It is especially problematic in the second method that an arithmetic operation including exponentiation is involved in the formula (1). A circuit for rigorously executing the arithmetic operation of exponentiation is complicated and has a problem of being mounted to a liquid crystal driver. If a device has an excellent arithmetic operation capability such as CPU (Central Processing Unit), the arithmetic operation of exponentiation can be rigorously executed by a combination of a logarithmic operation, multiplication and exponential operation. For example, Japanese Laid-Open Patent Application JP-P2001-103504A discloses a mounting method of a gamma correction which is realized by a combination of a logarithmic operation, multiplication and exponential operation. However, it is not preferable to mount a circuit for rigorously executing exponentiation in terms of reducing a hard ware.
One of the simple mounting methods for the gamma correction is to use a look-up table (LUT) in which the corresponding relationship between the input gray-scale data and the corrected gray-scale data is written. The gamma correction can be realized without directly executing exponentiation by defining the corresponding relationship between the input gray-scale data and the corrected gray-scale data written in the LUT in accordance with the formula (1). Japanese Laid-Open Patent Application JP-P2001-238227A and JP-A-Heisei 07-056545 disclose a technique to prepare the LUTs for R (red), G (green) and B (blue) respectively in order to perform the gamma correction corresponding to gamma values which are different in the respective colors.
One of the problems to perform the gamma correction by using the LUT is that the size (or the number) of the LUT needs to be increased to perform the gamma correction corresponding to the different gamma values. For example, in order to perform the gamma correction for each of R, G and B and for 256 kinds of the gamma values by using the LUT with the 6-bit input gray-scale data and the 8-bit corrected gray-scale data, the LUT needs to have 393216 (=64×8×3×256) bits. It is problematic on mounting the gamma correction to the liquid crystal driver.
Japanese Laid-Open Patent Application JP-A-Heisei 09-288468 discloses a technique to perform the gamma correction corresponding to a plurality of the gamma values while sustaining the LUT size small. In this technique, a liquid crystal display device is provided with the rewritable LUT. Data to be stored in the LUT are calculated by a CPU using arithmetic operation data stored in an EEPROM, and then transmitted from the CPU to the LUT. Japanese Laid-Open Patent Application JP-P2004-212598A also discloses a similar technique. According to the technique described there, the LUT data is generated by a brightness distribution determination circuit and transmitted to the LUT.
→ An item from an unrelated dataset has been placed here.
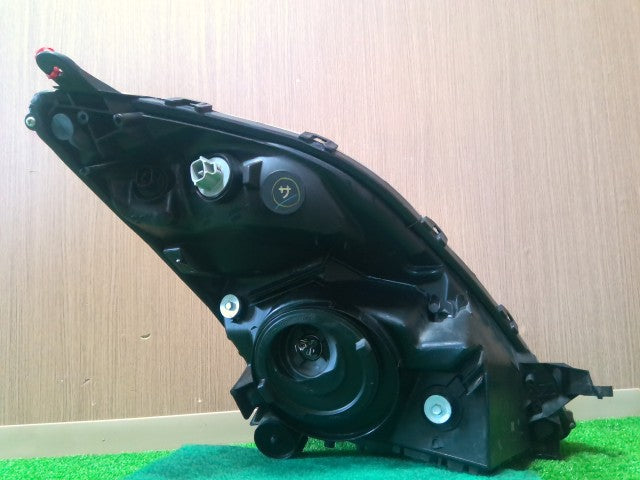 【中古】プリウス DAA-NHW20 左 ヘッドランプ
Japanese Laid-Open Patent Application JP-P2000-184236A discloses a technique to suppress the increase of the circuit size by using the LUT, in which the corresponding relationship between the input gray-scale data and the corrected gray-scale data is written, for calculating polygonal line approximation parameters instead of directly using for generating the corrected gray-scale data. In this technique, the corrected gray-scale data corresponding to specific gray-scale data are calculated by using the LUT so as to calculate polygonal line graph information including the polygonal line approximation parameters by using the corrected gray-scale data calculated above. When the input gray-scale data is provided, the corrected gray-scale data are calculated by the polygonal line approximation indicated in the polygonal line graph information.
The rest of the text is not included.